Spetterà all’Amministrazione Finanziaria l’onere probatorio e la stessa dovrà dimostrare al giudice, in presenza di elementi probatori qualificanti, perché la spesa o il ricavo o il provento deve essere ritenuto non congruo rispetto all’attività esercitata e perché si palesa antieconomico.
Questo orientamento della Cassazione viene incontro all’esigenza comunemente avvertita dall’opinione pubblica di contrastare fenomeni di palese evasione fiscale (è noto il fenomeno di alcuni imprenditori edili che pretendono che una parte cospicua del prezzo pattuito sia pagato “a nero”, cioè non fatturato e in contanti ) che l’Amministrazione Finanziaria non riesce a contrastare con gli strumenti a disposizione. La difficoltà nasce nel momento in cui essa non riesce a dimostrare in modo certo e oggettivo la non congruità di costi e ricavi se non ricorrendo a una prova solo logica e che si basa su principi di ragionevolezza, di economicità , di normalità.

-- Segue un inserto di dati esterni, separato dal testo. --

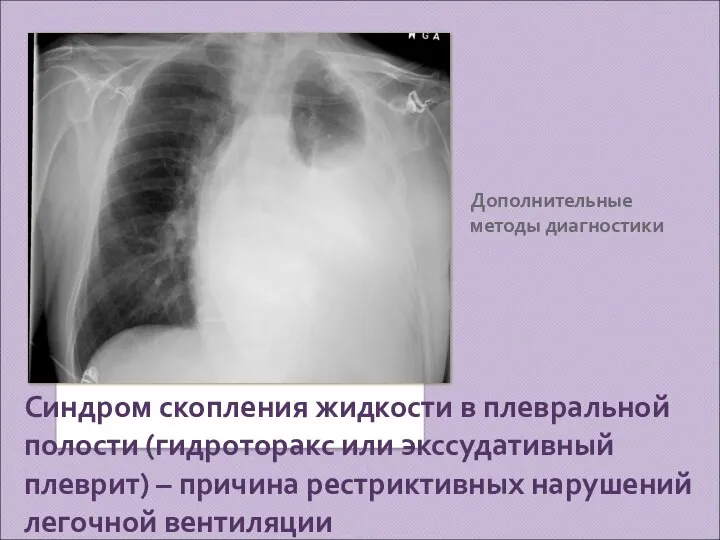 Дополнительные методы диагностики Синдром скопления жидкости в плевральной полости (гидроторакс или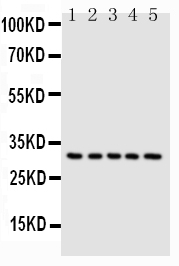 1 - Anti-Caspase-6(P18) Antibody ABO10761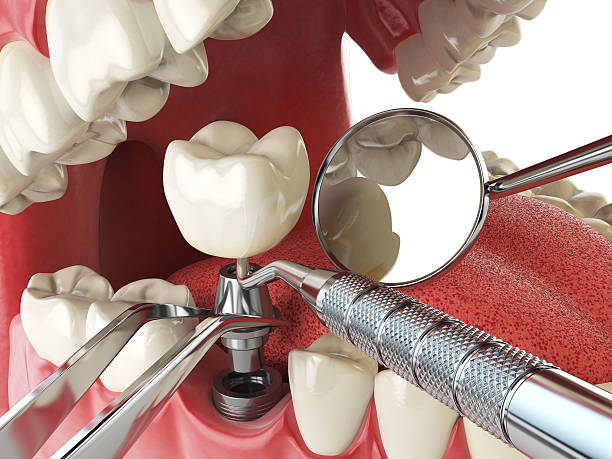 Best Emergency Dentist for Special Needs Patients in Lake Placid, NY
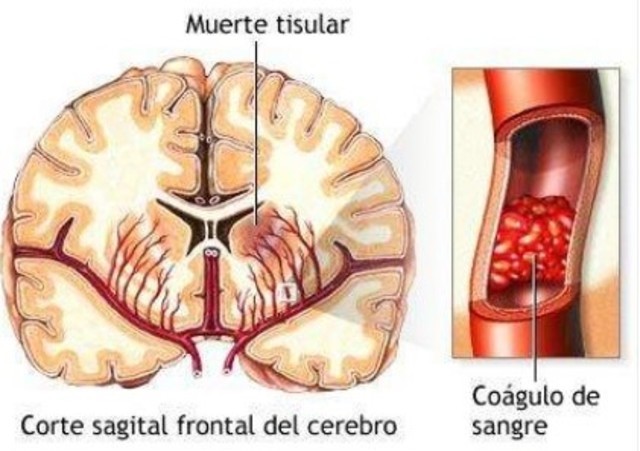Infarto en divisoria de aguas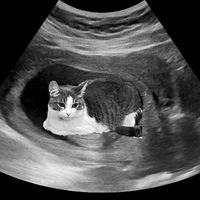 All (trừ ai thì trừ)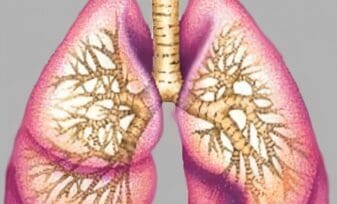 Relacionan Mala Función Pulmonar con Insuficiencia Cardiaca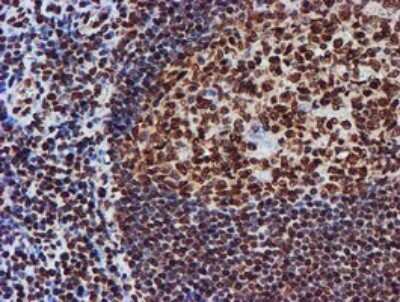 Immunohistochemistry: FMRP Antibody (OTI3B4) [NBP2-45689]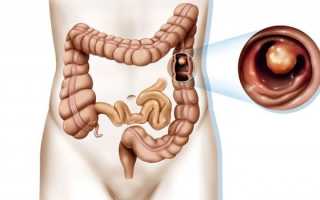 Кал с кровью — причины возникновения у мужчин и женщин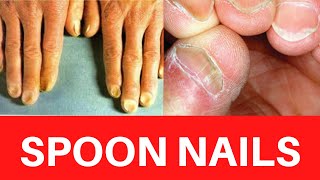 SPOON NAILS  Koilonychia Causes Treatment Symptoms Iron deficiency Anemia Cure Prevention [upl. by Yale]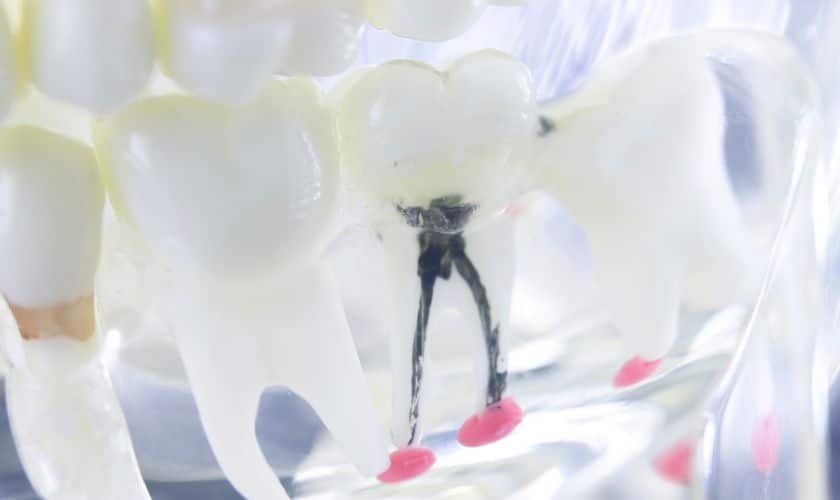 Close-up of a dental instrument extracting debris from a tooth during root canal treatment.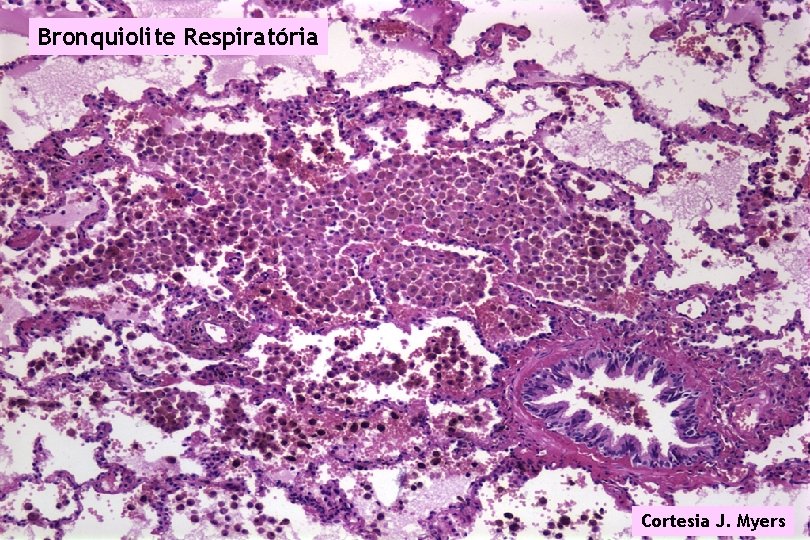 Bronquiolite Respiratória Cortesia J. Myers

In materia di onere della prova (art.2697 c.c.) vale la pena qui rammentare che costituisce principio consolidato della giurisprudenza della S.C.di Cassazione che “ se è vero che, in tema di accertamento delle imposte sui redditi, spetta all’Amministrazione Finanziaria – tra i generali principi che governano l’onere della prova – dimostrare l’esistenza dei fatti costitutivi della maggiore pretesa tributaria azionata, fornendo quindi la prova di elementi e circostanze a suo avviso rivelatrici dell’esistenza di un maggior imponibile, è altrettanto vero -però- che il contribuente il quale intenda contestare la capacità dimostrativa di quei fatti, oppure sostenere l’esistenza di circostanze modificative o estintive dei medesimi, deve a sua volta dimostrare gli elementi sui quali le sue eccezioni si fondano”Cass.civ., sez. I^, 11/10/1997, n. 9894 ).
E’ utile, al riguardo, evidenziare che il principio in base al quale colui che ha posto in essere un comportamento antieconomico ha l’onere di fornire una giustificazione razionale della propria scelta, trova conferma, nel campo delle imposte dirette, nella disposizione di legge secondo cui”sono inopponibili all’Amministrazione finanziaria gli atti, i fatti e i negozi, anche collegati tra loro, privi di valide ragioni economiche, dirette ad aggirare obblighi o divieti previsti dall’ordinamento tributario”( articolo 37-bis del Dpr n.600/73).
Pertanto, è onere del contribuente motivare le scelte che non sono i linea con i criteri di gestione economica della propria attività, ovvero quelle scelte che appaiono incomprensibili in base ai normali criteri di valutazione.



Avv. Geremia Rendine
(già Dirigente Capo Area Controllo dell’Agenzia delle Entrate ,
Ufficio di Bari 1 e Bari 2, attualmente in pensione
)




  1. Nota :
    Cass. sentenza n.14428 dep. 08/07/2005, n.10802/2002, n.7680/2002, n.7484/2002, n.6337/2002, n.11645/2001,n.1821/2001.